== Task item ==
What you should output is the data below, unchanged in every character.

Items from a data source
--
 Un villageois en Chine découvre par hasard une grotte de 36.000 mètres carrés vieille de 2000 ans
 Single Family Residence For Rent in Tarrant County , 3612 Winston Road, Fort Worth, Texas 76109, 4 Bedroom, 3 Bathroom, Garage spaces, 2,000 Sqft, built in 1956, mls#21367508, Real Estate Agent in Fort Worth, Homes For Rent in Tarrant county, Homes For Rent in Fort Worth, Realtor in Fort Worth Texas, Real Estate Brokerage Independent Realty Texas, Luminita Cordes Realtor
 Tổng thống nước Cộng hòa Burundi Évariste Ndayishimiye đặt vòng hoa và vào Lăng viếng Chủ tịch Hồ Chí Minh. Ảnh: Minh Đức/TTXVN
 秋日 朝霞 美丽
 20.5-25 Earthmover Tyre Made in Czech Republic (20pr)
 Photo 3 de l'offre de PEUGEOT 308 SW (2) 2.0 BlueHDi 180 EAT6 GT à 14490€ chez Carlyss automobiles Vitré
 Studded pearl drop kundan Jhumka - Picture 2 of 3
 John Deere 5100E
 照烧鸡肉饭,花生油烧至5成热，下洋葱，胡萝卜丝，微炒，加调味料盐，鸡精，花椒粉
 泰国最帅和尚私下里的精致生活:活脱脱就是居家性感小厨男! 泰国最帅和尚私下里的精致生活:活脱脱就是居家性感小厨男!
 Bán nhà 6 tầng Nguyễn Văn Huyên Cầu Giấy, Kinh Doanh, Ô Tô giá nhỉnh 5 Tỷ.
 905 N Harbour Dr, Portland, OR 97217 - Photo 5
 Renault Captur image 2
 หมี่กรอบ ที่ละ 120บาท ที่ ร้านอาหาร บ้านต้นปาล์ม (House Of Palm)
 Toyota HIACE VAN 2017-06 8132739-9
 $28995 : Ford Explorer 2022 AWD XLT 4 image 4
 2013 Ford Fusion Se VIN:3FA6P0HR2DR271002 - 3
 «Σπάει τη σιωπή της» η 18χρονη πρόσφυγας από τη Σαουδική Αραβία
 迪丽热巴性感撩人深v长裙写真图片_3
--
== The answer ==
 Un villageois en Chine découvre par hasard une grotte de 36.000 mètres carrés vieille de 2000 ans
 Single Family Residence For Rent in Tarrant County , 3612 Winston Road, Fort Worth, Texas 76109, 4 Bedroom, 3 Bathroom, Garage spaces, 2,000 Sqft, built in 1956, mls#21367508, Real Estate Agent in Fort Worth, Homes For Rent in Tarrant county, Homes For Rent in Fort Worth, Realtor in Fort Worth Texas, Real Estate Brokerage Independent Realty Texas, Luminita Cordes Realtor
 Tổng thống nước Cộng hòa Burundi Évariste Ndayishimiye đặt vòng hoa và vào Lăng viếng Chủ tịch Hồ Chí Minh. Ảnh: Minh Đức/TTXVN
 秋日 朝霞 美丽
 20.5-25 Earthmover Tyre Made in Czech Republic (20pr)
 Photo 3 de l'offre de PEUGEOT 308 SW (2) 2.0 BlueHDi 180 EAT6 GT à 14490€ chez Carlyss automobiles Vitré
 Studded pearl drop kundan Jhumka - Picture 2 of 3
 John Deere 5100E
 照烧鸡肉饭,花生油烧至5成热，下洋葱，胡萝卜丝，微炒，加调味料盐，鸡精，花椒粉
 泰国最帅和尚私下里的精致生活:活脱脱就是居家性感小厨男! 泰国最帅和尚私下里的精致生活:活脱脱就是居家性感小厨男!
 Bán nhà 6 tầng Nguyễn Văn Huyên Cầu Giấy, Kinh Doanh, Ô Tô giá nhỉnh 5 Tỷ.
 905 N Harbour Dr, Portland, OR 97217 - Photo 5
 Renault Captur image 2
 หมี่กรอบ ที่ละ 120บาท ที่ ร้านอาหาร บ้านต้นปาล์ม (House Of Palm)
 Toyota HIACE VAN 2017-06 8132739-9
 $28995 : Ford Explorer 2022 AWD XLT 4 image 4
 2013 Ford Fusion Se VIN:3FA6P0HR2DR271002 - 3
 «Σπάει τη σιωπή της» η 18χρονη πρόσφυγας από τη Σαουδική Αραβία
 迪丽热巴性感撩人深v长裙写真图片_3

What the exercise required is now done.